GOAL OF THE EXERCISE => Using the records below, copy every line that holds the string "Women".

RECORDS SUPPLIED =>
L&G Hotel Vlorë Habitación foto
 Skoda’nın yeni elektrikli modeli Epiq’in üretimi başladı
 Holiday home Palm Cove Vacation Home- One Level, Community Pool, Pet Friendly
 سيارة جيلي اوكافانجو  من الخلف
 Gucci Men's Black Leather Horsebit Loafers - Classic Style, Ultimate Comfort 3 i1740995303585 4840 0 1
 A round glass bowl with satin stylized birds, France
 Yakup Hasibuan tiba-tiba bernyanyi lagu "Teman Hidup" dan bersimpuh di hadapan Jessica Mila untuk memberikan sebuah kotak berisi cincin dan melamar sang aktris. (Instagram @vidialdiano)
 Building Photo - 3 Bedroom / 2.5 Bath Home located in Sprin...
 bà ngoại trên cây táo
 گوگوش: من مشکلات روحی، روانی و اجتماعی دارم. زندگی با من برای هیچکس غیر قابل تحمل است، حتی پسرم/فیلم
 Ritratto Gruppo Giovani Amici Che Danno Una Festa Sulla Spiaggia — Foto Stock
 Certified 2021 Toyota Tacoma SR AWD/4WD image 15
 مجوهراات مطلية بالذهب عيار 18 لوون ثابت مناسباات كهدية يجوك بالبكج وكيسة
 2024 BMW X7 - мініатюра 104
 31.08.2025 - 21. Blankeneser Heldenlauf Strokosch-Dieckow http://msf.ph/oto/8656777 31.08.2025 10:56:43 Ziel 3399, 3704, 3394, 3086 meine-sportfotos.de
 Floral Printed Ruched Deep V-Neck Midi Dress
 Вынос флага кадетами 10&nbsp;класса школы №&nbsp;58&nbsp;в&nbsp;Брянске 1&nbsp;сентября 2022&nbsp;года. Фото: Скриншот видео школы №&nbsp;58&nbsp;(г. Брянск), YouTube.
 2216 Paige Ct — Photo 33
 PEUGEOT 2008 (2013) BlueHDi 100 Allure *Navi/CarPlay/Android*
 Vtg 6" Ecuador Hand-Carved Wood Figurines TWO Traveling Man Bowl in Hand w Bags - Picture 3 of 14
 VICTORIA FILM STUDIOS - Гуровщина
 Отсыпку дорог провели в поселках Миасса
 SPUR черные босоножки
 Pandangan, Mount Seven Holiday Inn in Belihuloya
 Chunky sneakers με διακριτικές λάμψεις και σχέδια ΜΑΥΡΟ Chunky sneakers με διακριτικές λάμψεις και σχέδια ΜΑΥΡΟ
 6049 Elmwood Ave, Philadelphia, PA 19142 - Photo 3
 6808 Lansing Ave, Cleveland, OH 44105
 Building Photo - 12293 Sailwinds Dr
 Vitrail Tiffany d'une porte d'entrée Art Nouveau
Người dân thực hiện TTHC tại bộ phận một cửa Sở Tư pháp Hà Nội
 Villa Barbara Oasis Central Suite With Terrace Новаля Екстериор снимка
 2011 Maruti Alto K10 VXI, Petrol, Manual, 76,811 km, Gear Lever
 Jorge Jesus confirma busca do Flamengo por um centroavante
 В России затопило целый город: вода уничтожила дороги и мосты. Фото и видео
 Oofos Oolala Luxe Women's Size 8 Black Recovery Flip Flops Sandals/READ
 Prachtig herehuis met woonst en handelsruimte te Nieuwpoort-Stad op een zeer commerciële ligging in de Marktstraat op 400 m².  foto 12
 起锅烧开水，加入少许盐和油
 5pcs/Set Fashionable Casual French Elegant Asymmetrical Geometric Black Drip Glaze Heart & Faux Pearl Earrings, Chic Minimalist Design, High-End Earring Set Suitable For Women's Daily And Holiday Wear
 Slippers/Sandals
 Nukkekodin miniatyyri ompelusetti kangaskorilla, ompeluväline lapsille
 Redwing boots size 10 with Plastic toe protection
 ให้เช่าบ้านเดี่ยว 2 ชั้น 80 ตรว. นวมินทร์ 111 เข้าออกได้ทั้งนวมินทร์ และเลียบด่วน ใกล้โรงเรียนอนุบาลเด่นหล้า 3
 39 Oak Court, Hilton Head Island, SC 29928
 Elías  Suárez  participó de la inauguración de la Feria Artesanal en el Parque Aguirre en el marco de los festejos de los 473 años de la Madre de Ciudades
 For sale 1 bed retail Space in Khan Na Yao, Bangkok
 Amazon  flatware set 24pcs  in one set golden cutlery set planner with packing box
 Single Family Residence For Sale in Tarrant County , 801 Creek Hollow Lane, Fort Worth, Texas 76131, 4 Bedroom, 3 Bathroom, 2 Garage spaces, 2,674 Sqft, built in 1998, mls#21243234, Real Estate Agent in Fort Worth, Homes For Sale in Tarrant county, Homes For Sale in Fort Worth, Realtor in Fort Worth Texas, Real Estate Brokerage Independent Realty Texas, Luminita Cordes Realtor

RESULT =>
 Oofos Oolala Luxe Women's Size 8 Black Recovery Flip Flops Sandals/READ
 5pcs/Set Fashionable Casual French Elegant Asymmetrical Geometric Black Drip Glaze Heart & Faux Pearl Earrings, Chic Minimalist Design, High-End Earring Set Suitable For Women's Daily And Holiday Wear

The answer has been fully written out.